§ Work to be completed
Find the line containing "32 Aventerra Way", then return it and every line after it through the end of the records, exactly. Leave out pictures.

§ Information supplied
-- Opening Marker --

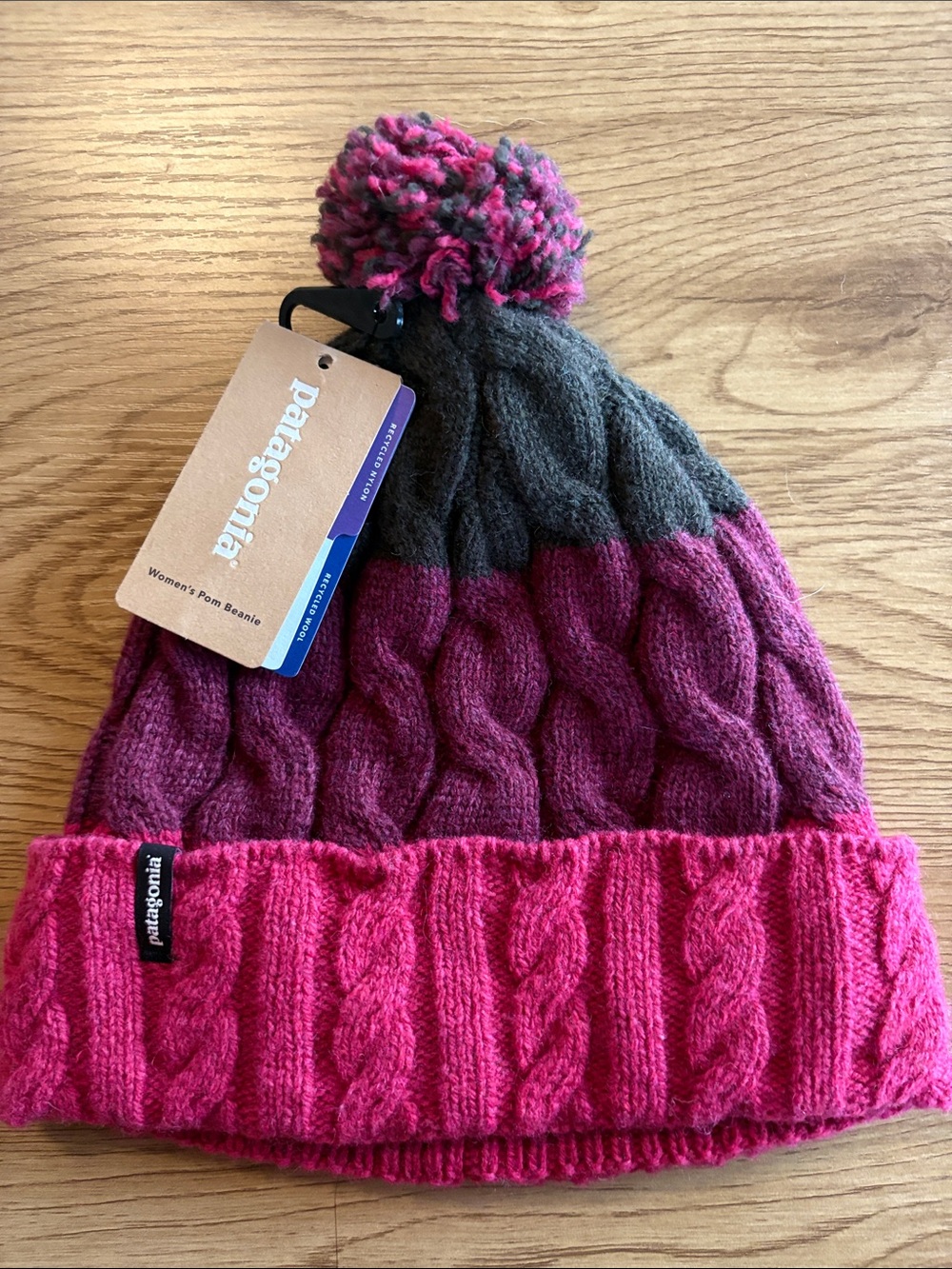 Patagonia Pom Beanie Glacier Stripe in Craft Pink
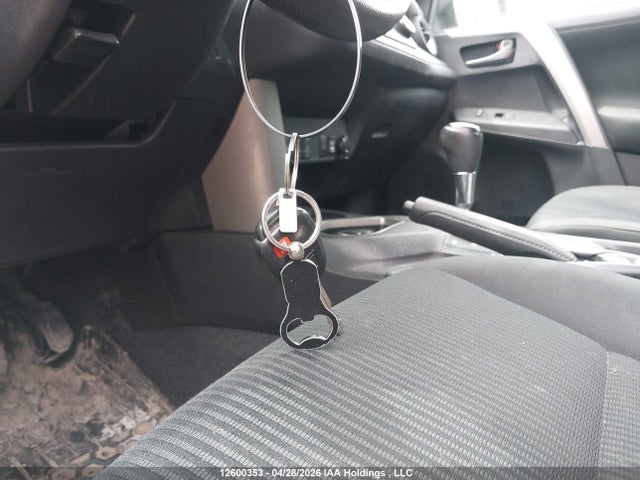 2T3ZFREV4JW411042 Toyota RAV4 LE
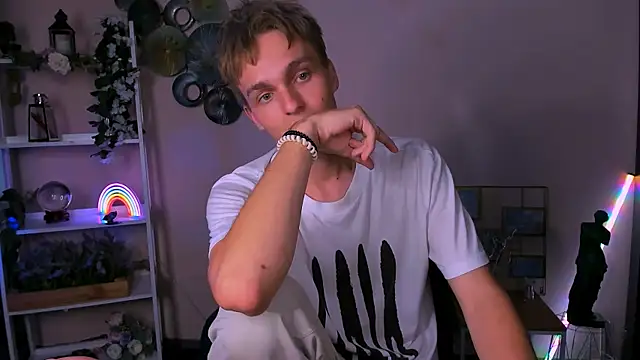 john_lik: διαδικτυακό σόου στην κάμερα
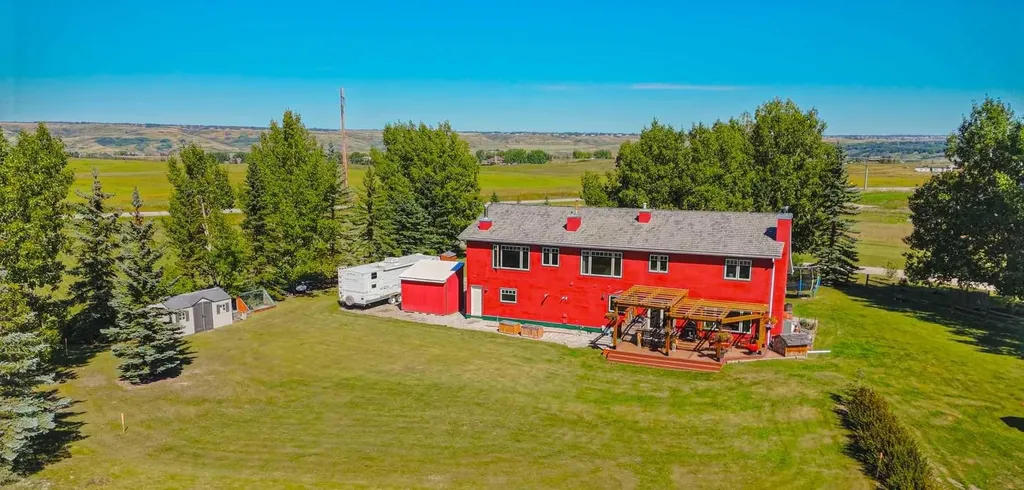 32 Aventerra Way Rural Rocky View County AB T3Z 0B1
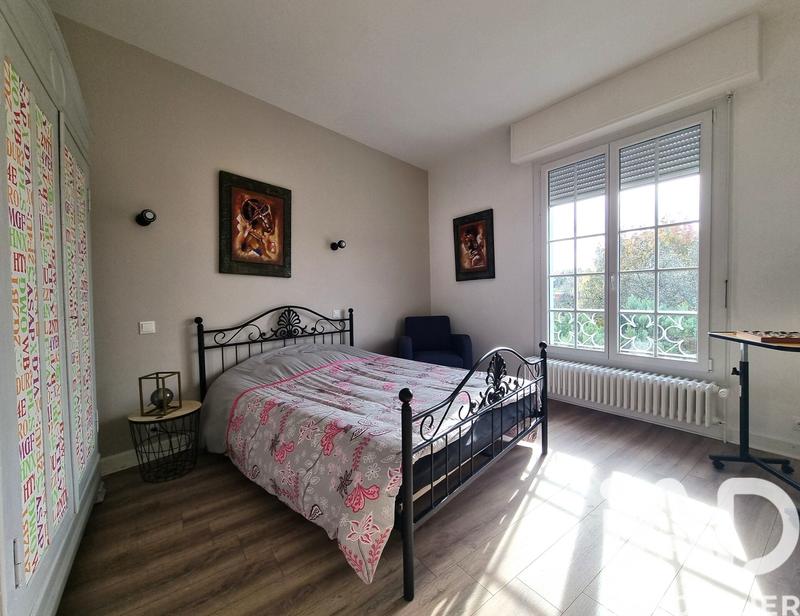 Maison de village - 326 m² - 11 pièces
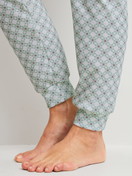 Damen-Model trägt Bündchen-Pyjama aus 100% Baumwolle in Türkis, Gemustert aus Serie Sweet Dreams von CALIDA, Detail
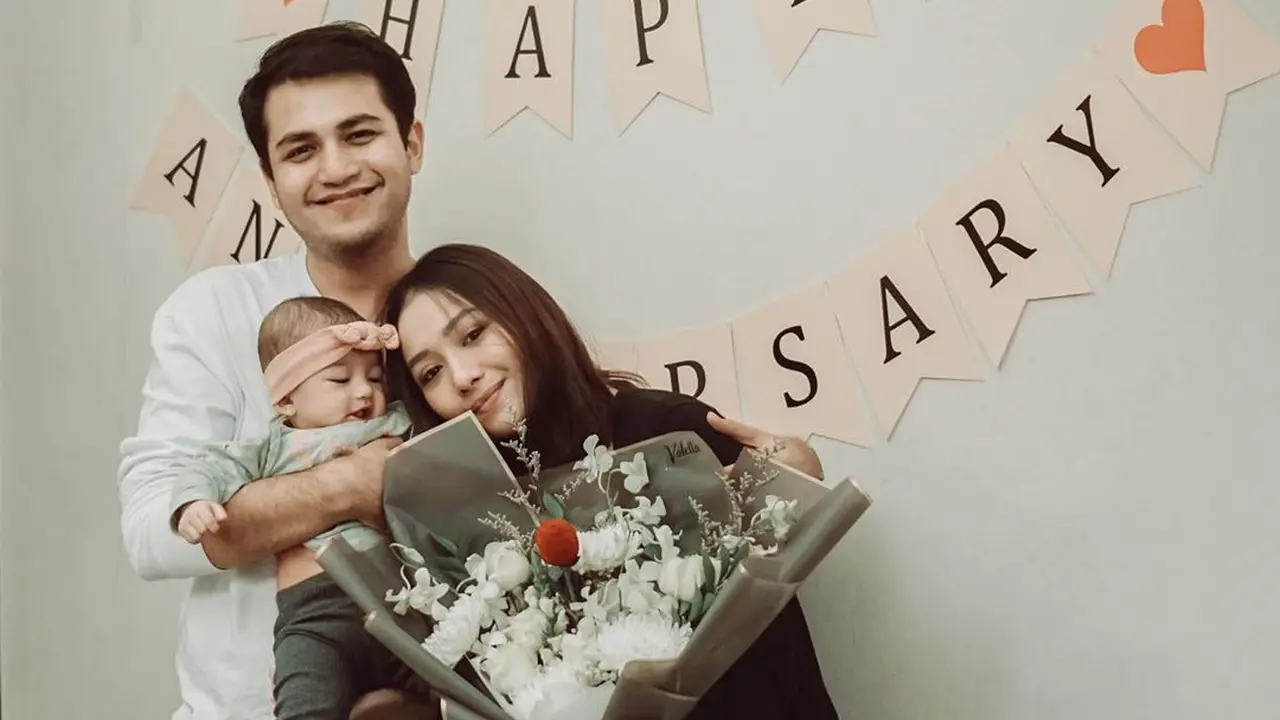 6 Momen Perayaan Anniversary Pernikahan Rizky Alatas dan Adzana Bing Slamet, Romantis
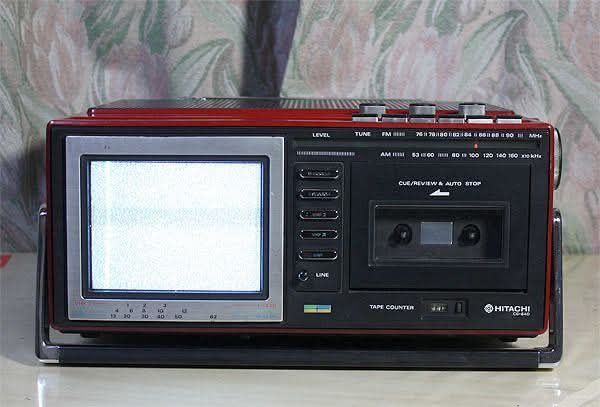 HITACHI　C6-640 HITACHI C6-640 color TV radio-cassette (portable)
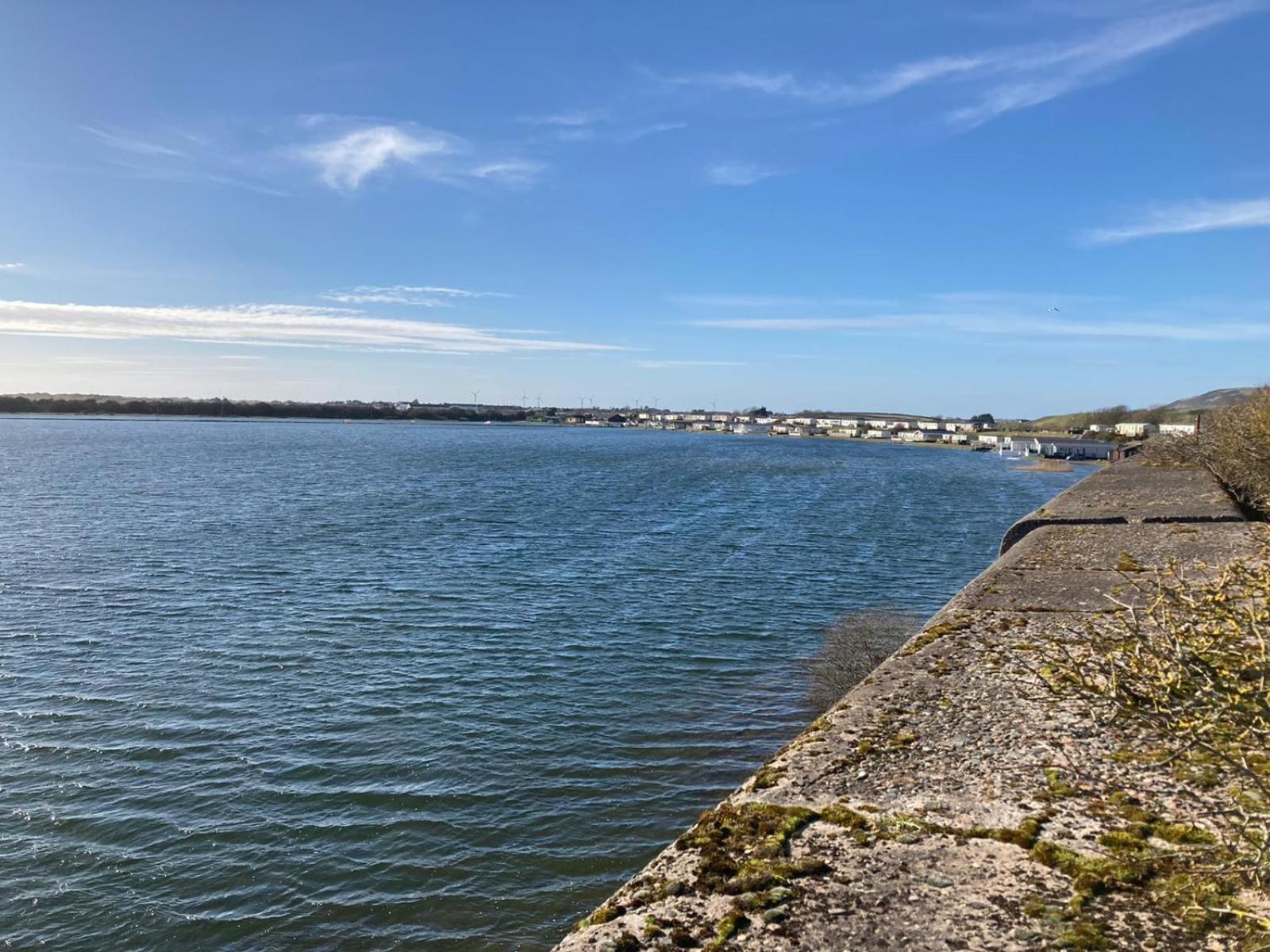 KINGDOM HOLIDAY PARK - Parrot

-- Closing Marker --

§ Solution for this problem
 32 Aventerra Way Rural Rocky View County AB T3Z 0B1
 Maison de village - 326 m² - 11 pièces
 Damen-Model trägt Bündchen-Pyjama aus 100% Baumwolle in Türkis, Gemustert aus Serie Sweet Dreams von CALIDA, Detail
 6 Momen Perayaan Anniversary Pernikahan Rizky Alatas dan Adzana Bing Slamet, Romantis
 HITACHI　C6-640 HITACHI C6-640 color TV radio-cassette (portable)
 KINGDOM HOLIDAY PARK - Parrot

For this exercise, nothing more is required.